Age of Conan: Belit #1 - Review by SE

Age Of Conan: Belit, Queen Of The Black Coast (2019) #1 by Tini Howard
S.E. rating: 4 of 5 stars

Age Of Conan: Belit, Queen Of The Black Coast (2019) #1 is the first of the third-2019 Marvel series released in 2019 (the others being "Conan the Barbarian" and "Savage Sword of Conan"). Like the others, it is graced with a serialized novella, this time by Michael A. Stackpole.

"Age of Conan" has a great premise: this series focuses on non-Conan characters, this one from Robert E Howard's story "Queen of the Black Coast"(1934 Weird tales). Unlike the other two Marvel Conan series, the novella and comic are both focused on the same characters and time. The cover is gorgeous. Belit is obviously the focus, and the series promises to track her adventures from being a young girl, a daughter of a pirate king, onward.

The Cover and Stackpole's story "Bone Whispers" are worth the cover price. N'Yaga, a shaman of sorts, meets up with Belit. As an introductory three pages, it works splendid. It fills in the backstory, develops characters, and sets up a fun adventure.

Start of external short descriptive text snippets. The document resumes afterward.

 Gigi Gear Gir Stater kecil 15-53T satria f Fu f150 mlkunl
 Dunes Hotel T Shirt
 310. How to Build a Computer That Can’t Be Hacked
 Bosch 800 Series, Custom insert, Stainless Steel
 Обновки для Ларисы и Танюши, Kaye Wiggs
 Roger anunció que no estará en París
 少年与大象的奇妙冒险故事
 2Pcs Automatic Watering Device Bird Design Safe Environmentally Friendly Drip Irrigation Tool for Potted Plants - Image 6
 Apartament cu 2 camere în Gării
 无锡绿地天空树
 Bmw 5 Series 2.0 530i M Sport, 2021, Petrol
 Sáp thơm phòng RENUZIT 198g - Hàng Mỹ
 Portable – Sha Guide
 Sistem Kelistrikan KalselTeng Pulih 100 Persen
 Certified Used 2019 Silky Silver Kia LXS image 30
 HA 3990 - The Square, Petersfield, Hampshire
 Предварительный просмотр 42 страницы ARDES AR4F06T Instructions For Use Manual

The Comic's first installment is on shaky ground.

Detracting from the decent premise, I laughed out loud at a key moment that was too contrived to be dramatic. Some obscured spoilers here, but consider this: What would you do if you have a beloved mentor marooned on an island, tied to a post, and you were able to sneak to them on a boat with a knife?
(a) simply cut the rope and rescue the mentor?
(b) mercy kill them in an instant?

We are treated to the latter choice, which is inconsistent with the character relationship and the art (which shows the knife, boat, and rope together on the same page; the mentor did not appear near death).

Belit is then held captive and rescued fortuitously; then fate brings her a rare sea-creature at a random, but opportune time--merely to serve as a shallow cliff hanger. I anticipated that she would have freed herself (with less help from others), and given how scarce sea-creatures are, the encounter made me roll my eyes.